## Exercise description
The expected output is the full set of entries, printed exactly, without pictures.

[[ Supplied material, beginning ]]

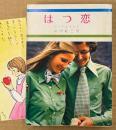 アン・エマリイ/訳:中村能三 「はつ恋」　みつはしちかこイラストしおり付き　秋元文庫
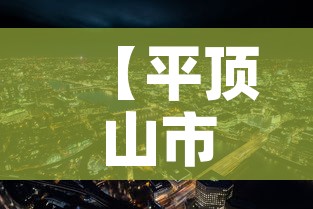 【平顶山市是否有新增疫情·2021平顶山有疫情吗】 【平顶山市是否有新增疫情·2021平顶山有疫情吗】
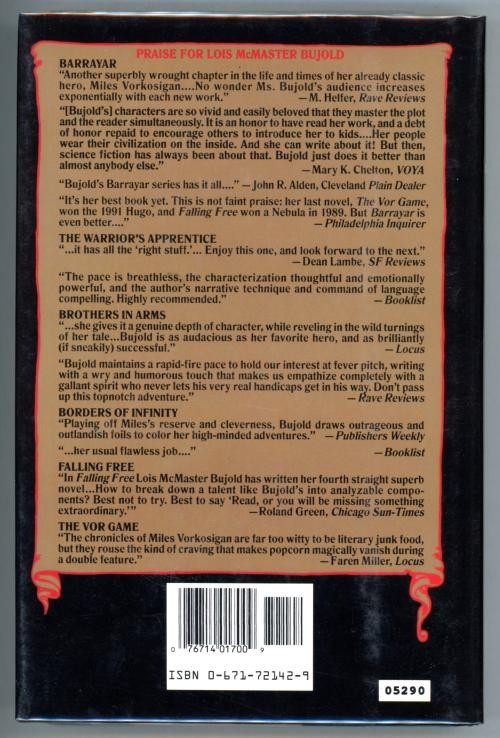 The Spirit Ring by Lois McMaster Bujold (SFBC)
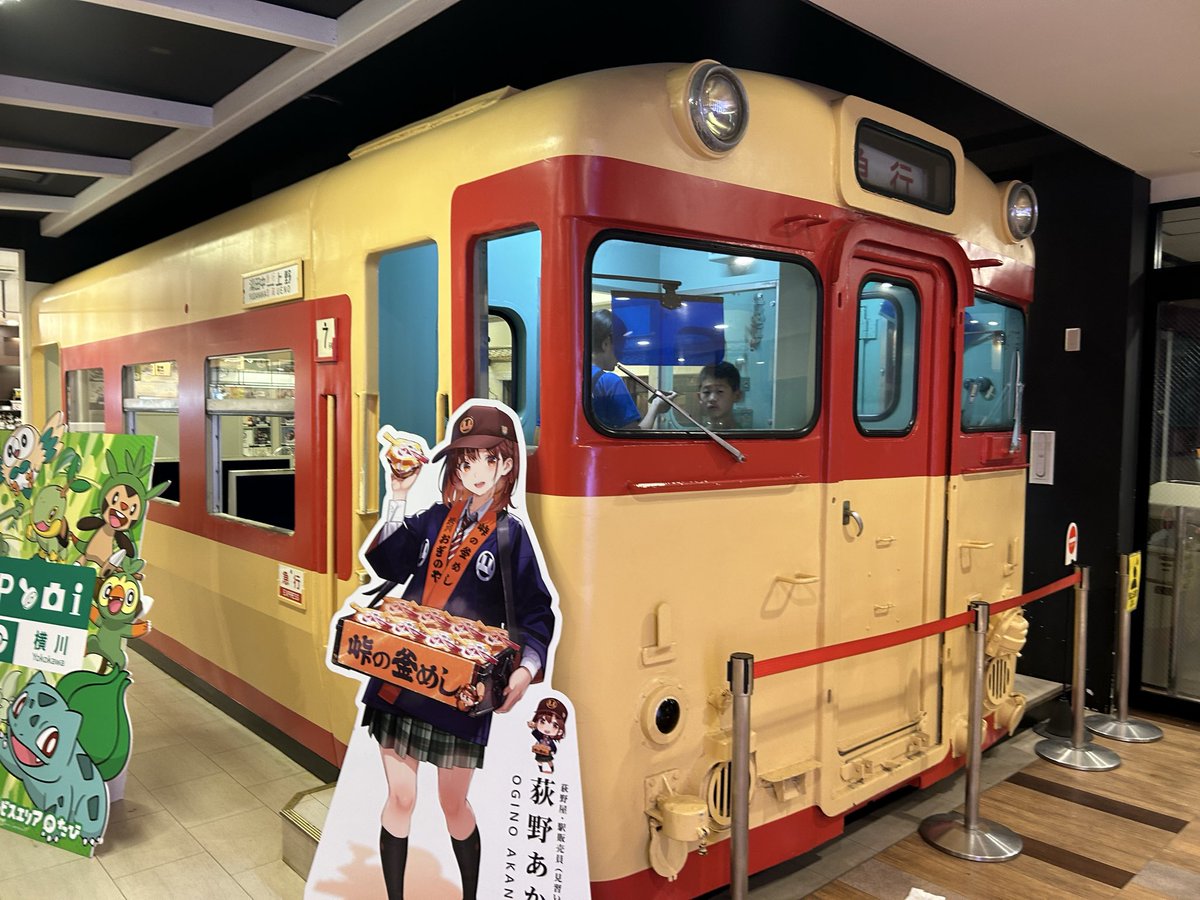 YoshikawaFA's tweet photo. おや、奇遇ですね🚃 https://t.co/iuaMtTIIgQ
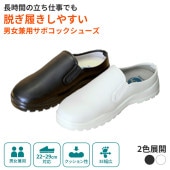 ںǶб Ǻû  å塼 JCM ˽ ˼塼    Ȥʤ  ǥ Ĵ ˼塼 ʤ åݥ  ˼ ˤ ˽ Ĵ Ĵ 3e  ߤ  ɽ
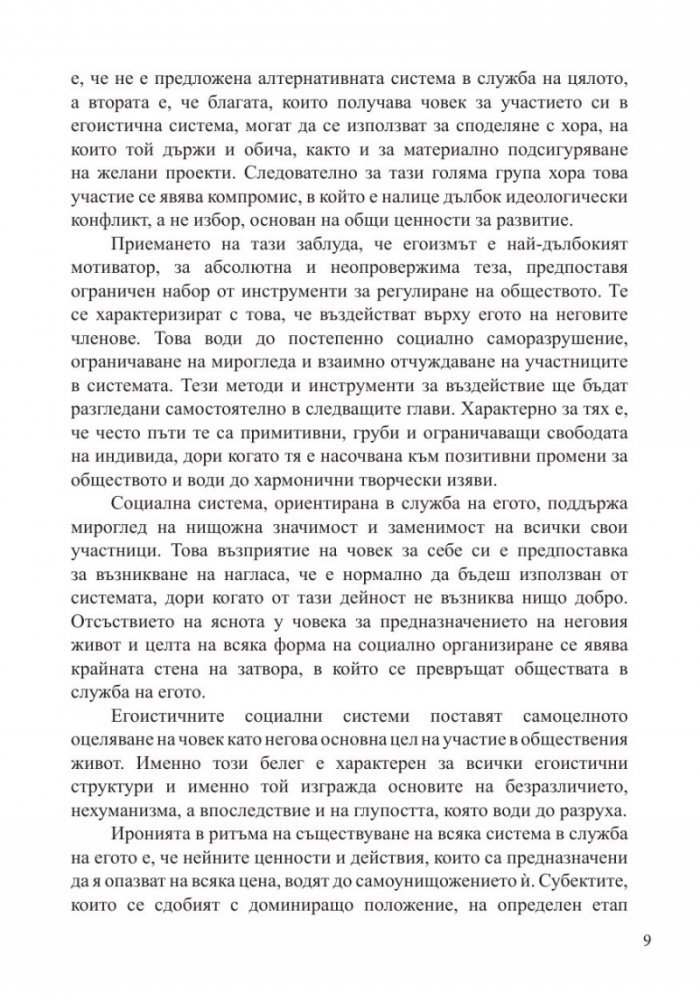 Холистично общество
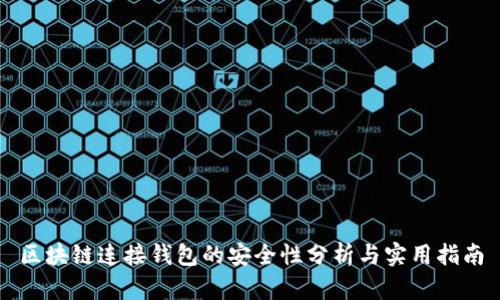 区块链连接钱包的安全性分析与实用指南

[[ Supplied material, end ]]

## Written solution
 アン・エマリイ/訳:中村能三 「はつ恋」　みつはしちかこイラストしおり付き　秋元文庫
 【平顶山市是否有新增疫情·2021平顶山有疫情吗】 【平顶山市是否有新增疫情·2021平顶山有疫情吗】
 The Spirit Ring by Lois McMaster Bujold (SFBC)
 YoshikawaFA's tweet photo. おや、奇遇ですね🚃 https://t.co/iuaMtTIIgQ
 ںǶб Ǻû  å塼 JCM ˽ ˼塼    Ȥʤ  ǥ Ĵ ˼塼 ʤ åݥ  ˼ ˤ ˽ Ĵ Ĵ 3e  ߤ  ɽ
 Холистично общество
 区块链连接钱包的安全性分析与实用指南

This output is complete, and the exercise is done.